[Stored data entries]
↓

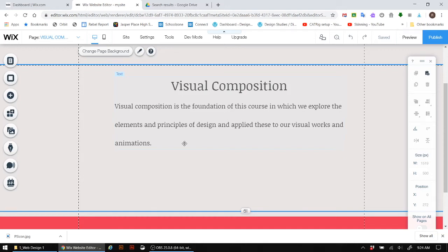So in this video, what we're going to do is explore how to actually take a Google Doc or another format such as PowerPoint or Microsoft Word and put it into our actual portfolio website.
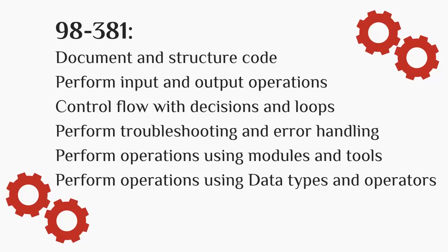Perform Input and Output Operations, Control Flow with Decision and Loops, Perform Troubleshooting and Error Handling, Perform Operation using Modules and Tools, and Perform Operation using Data Types and Operators.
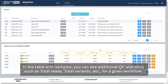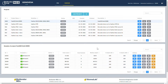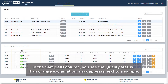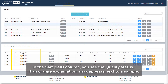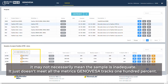In the table with samples, you can see additional QC statistics such as total reads, total variants, etc., for a given workflow. In the Sample ID column, you see the quality status. If an orange exclamation mark appears next to a sample, it may not necessarily mean the sample is inadequate — it just doesn't meet all the metrics Genovesa tracks 100%.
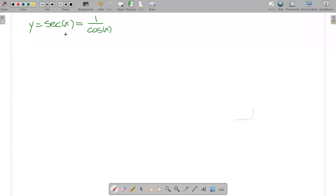The graph of the secant, since secant is one over cosine, if we know the graph of the cosine, that'll explain why the graph of the secant looks the way it does. So let's look at the graph of cosine and then from that we'll get the secant graph.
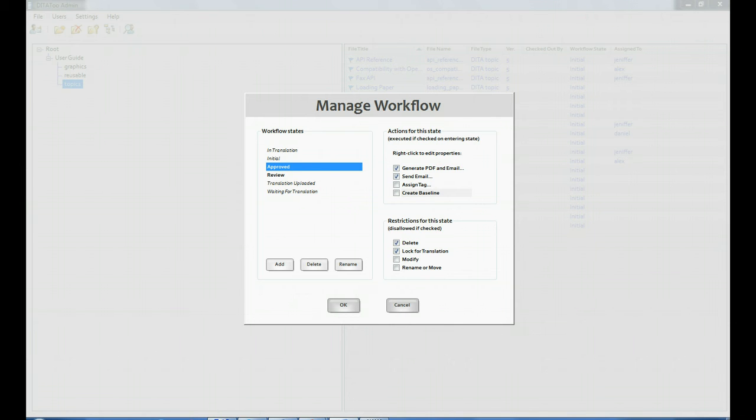For each state, you can specify actions that should be called when a file enters this state. Let's say that we want an email with a PDF generated from the project or from an individual topic to be sent to the reviewer when a file enters the review state.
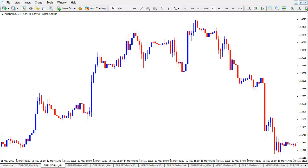Hi traders, this is Chris from Elite Currency with a video on how to place the Fibonacci tool. It's a simple video just showing you how to insert it on your chart. Let's get started.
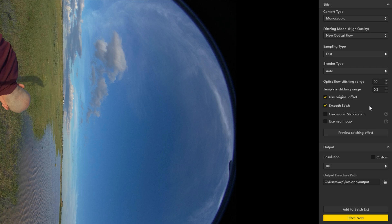When exporting timelapses, remember to turn off gyroscopic stabilization, otherwise ghosting might occur in the stitched file.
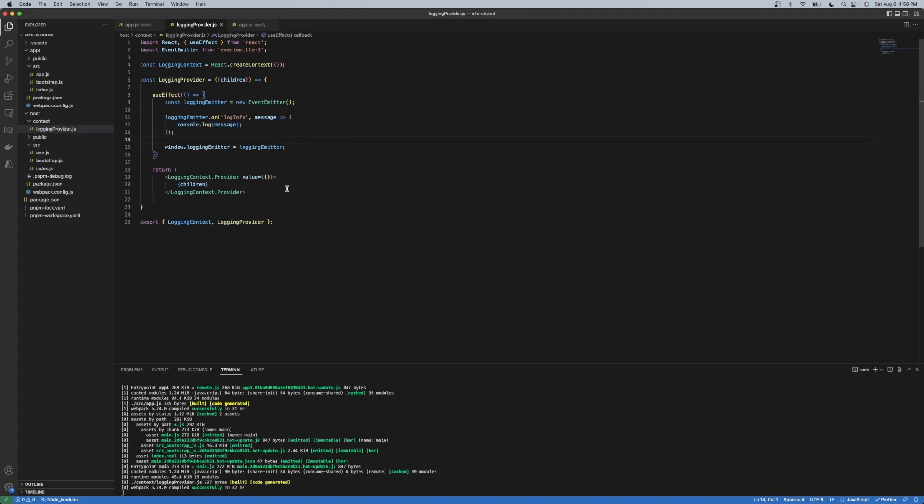And then letting the host application do different things. So the implementation could vary between the host and the remote. So it's not a library. In this case, the app one or the remote app isn't tied to this functionality. It's leveraging just what's available.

↑

* [ASSIGNMENT]:
Repeat the data exactly, dropping every picture it holds.

* [THE ANSWER]:
So in this video, what we're going to do is explore how to actually take a Google Doc or another format such as PowerPoint or Microsoft Word and put it into our actual portfolio website.
Perform Input and Output Operations, Control Flow with Decision and Loops, Perform Troubleshooting and Error Handling, Perform Operation using Modules and Tools, and Perform Operation using Data Types and Operators.
In the table with samples, you can see additional QC statistics such as total reads, total variants, etc., for a given workflow. In the Sample ID column, you see the quality status. If an orange exclamation mark appears next to a sample, it may not necessarily mean the sample is inadequate — it just doesn't meet all the metrics Genovesa tracks 100%.
The graph of the secant, since secant is one over cosine, if we know the graph of the cosine, that'll explain why the graph of the secant looks the way it does. So let's look at the graph of cosine and then from that we'll get the secant graph.
For each state, you can specify actions that should be called when a file enters this state. Let's say that we want an email with a PDF generated from the project or from an individual topic to be sent to the reviewer when a file enters the review state.
Hi traders, this is Chris from Elite Currency with a video on how to place the Fibonacci tool. It's a simple video just showing you how to insert it on your chart. Let's get started.
When exporting timelapses, remember to turn off gyroscopic stabilization, otherwise ghosting might occur in the stitched file.
And then letting the host application do different things. So the implementation could vary between the host and the remote. So it's not a library. In this case, the app one or the remote app isn't tied to this functionality. It's leveraging just what's available.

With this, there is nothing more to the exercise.